Day 8 – Bristol, NC to Decatur, IL: 572 miles
Saturday, August 11, 2012

“Day 8 Overview”
http://i254.photobucket.com/albums/hh107/naustin09/Trip%202012/Day8-Overview_zps2278e8e1.jpg

We followed our normal routine and left the hotel early, intent on covering enough miles to put us in striking distance of home by the end of the day.  We knew today would be a long haul at almost 600 miles, and at least half would not be on the freeways resulting in yet another 12+ hour-day in the saddle riding nearly non-stop.  Ann made it clear that she was not interested in covering so many miles per day on our next trip and we were both regretting having squeezed so many miles into so short a trip.  It’s one thing to cover 500 miles of freeway in a day, and quite another to do it on mostly two lane roads, but we were determined to get home on schedule.

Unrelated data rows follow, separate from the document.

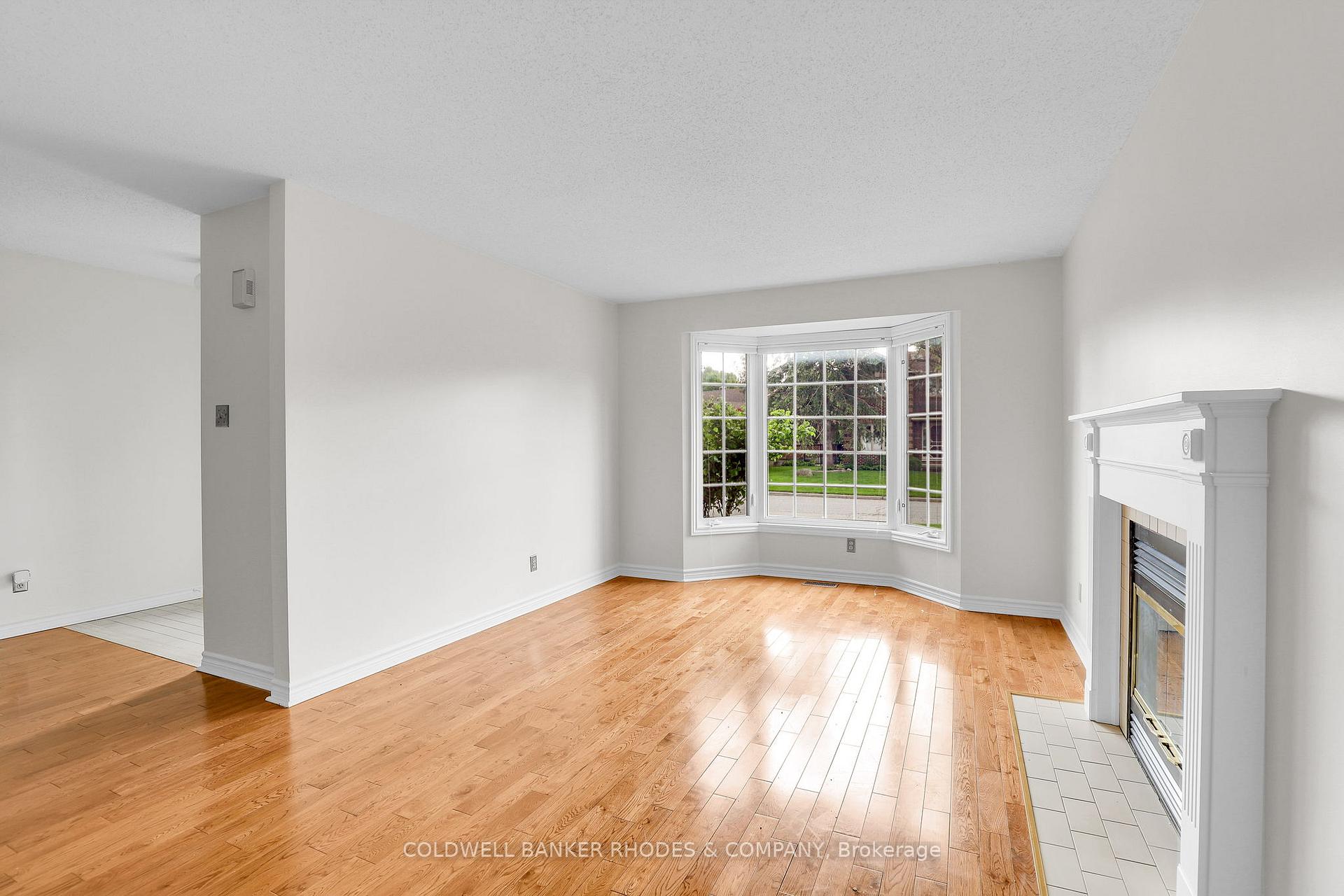 Photo 9 of 62 Beechfern Drive, Ottawa, Stittsville (Central) — HOMEH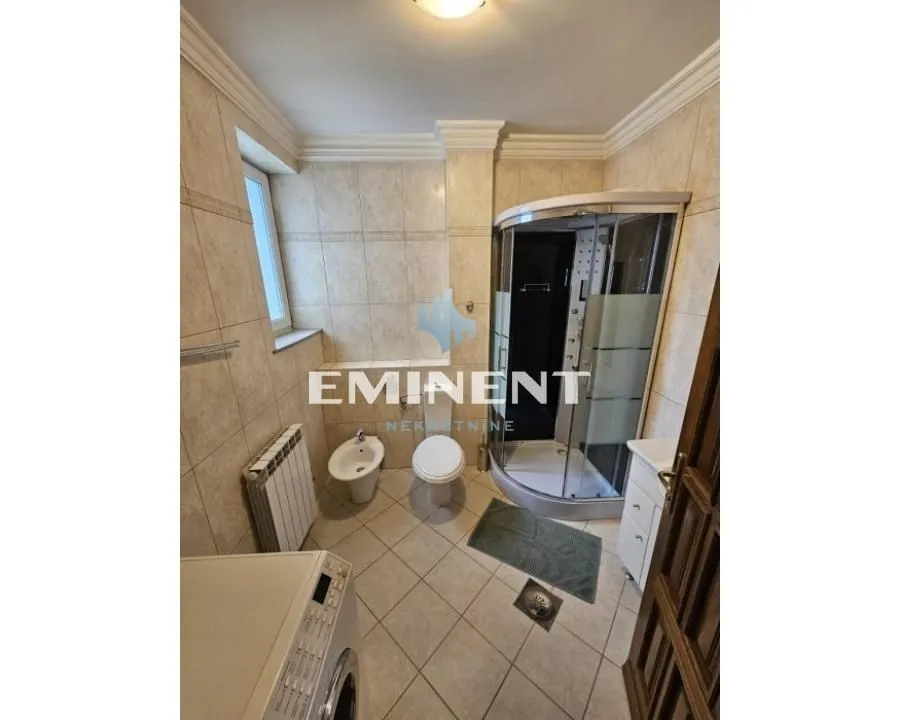 Rent, four bedroom apartment, 115m², Savski Venac, Beograd
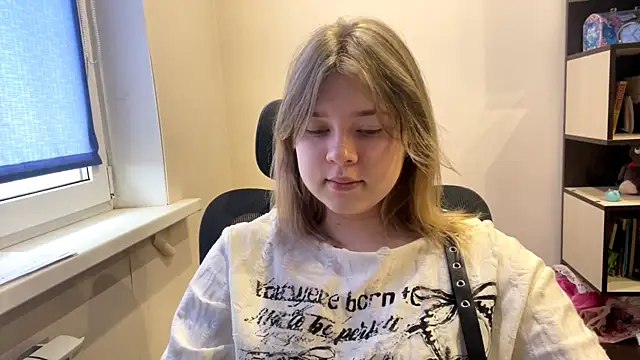 Snapshot of TomikoPfau chatting on 04.12.26 TomikoPfau online show from 04.12.26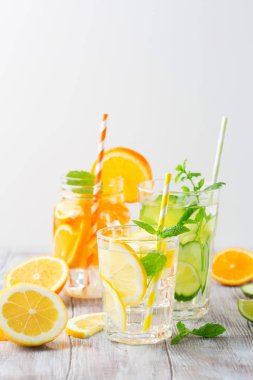 İnfüzyon su taze narenciye meyve ve buz ile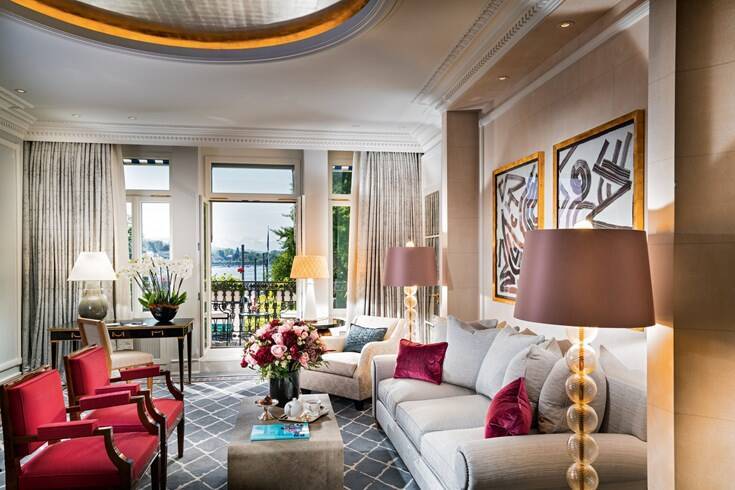 Lakeside Junior Suite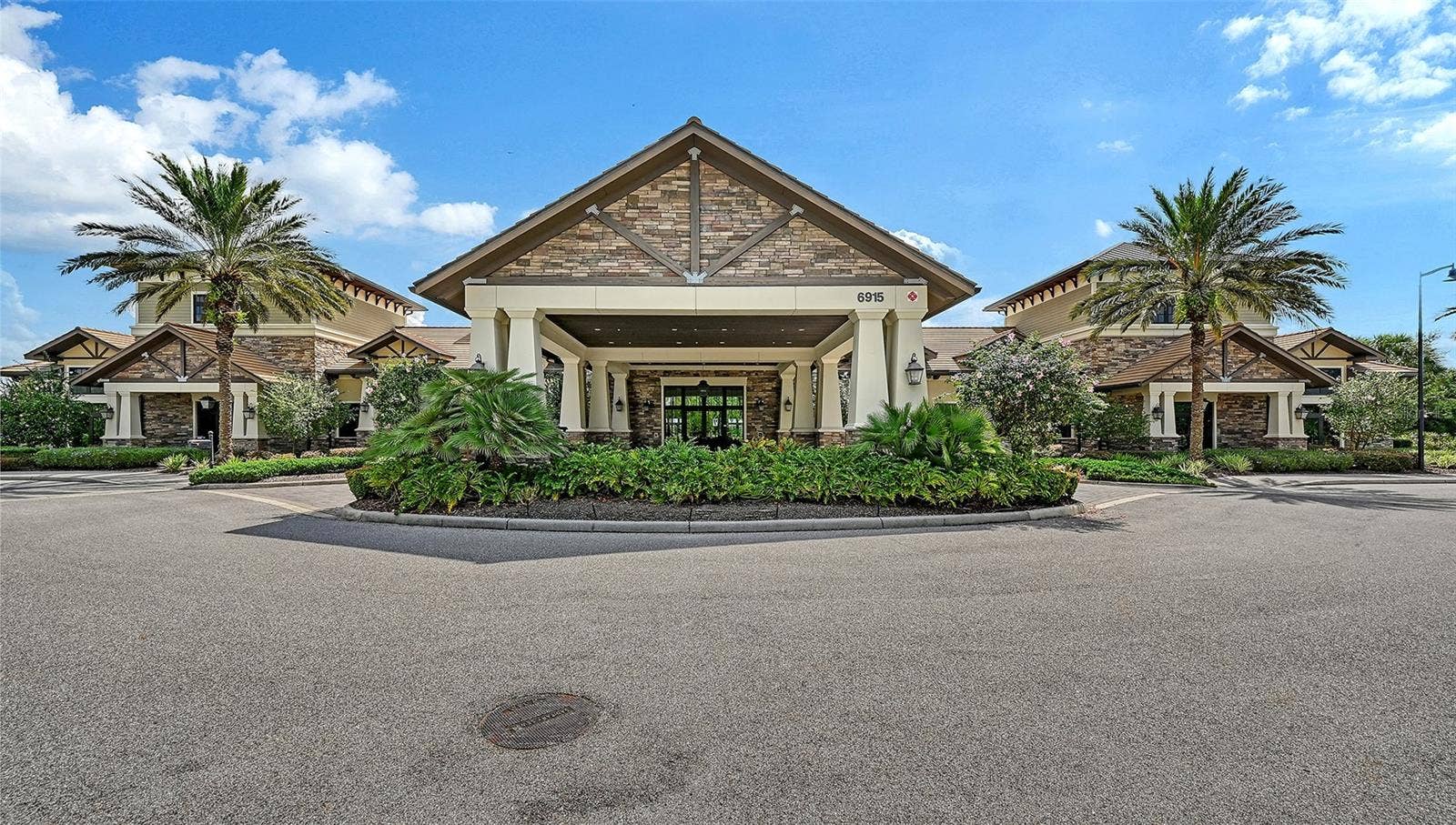 6827 GOSPORT COVE, Bradenton, FL 34202 6827 GOSPORT COVE, Bradenton, FL 34202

Despite our sunburn and road weariness, we enjoyed the scenery as we crossed the tail of Virginia on the Daniel Boone Trail.  The landscape here is folded and wrinkled creating hundreds of valleys and ridges to traverse.  In places the invasive Kudzu vines had overgrown and strangled everything, including tall trees, and had all but enveloped the road itself making us feel like we were in a Southeast Asian Jungle.  Although it looked like jungle at times, we were spared from sweltering jungle humidity.  We had bluebird skies and the temperature was cool making for a very enjoyable morning.    

“Kudzu Vines”
http://i254.photobucket.com/albums/hh107/naustin09/Trip%202012/DSCN0468_zps6ba28eec.jpg

“Cumberland Gap”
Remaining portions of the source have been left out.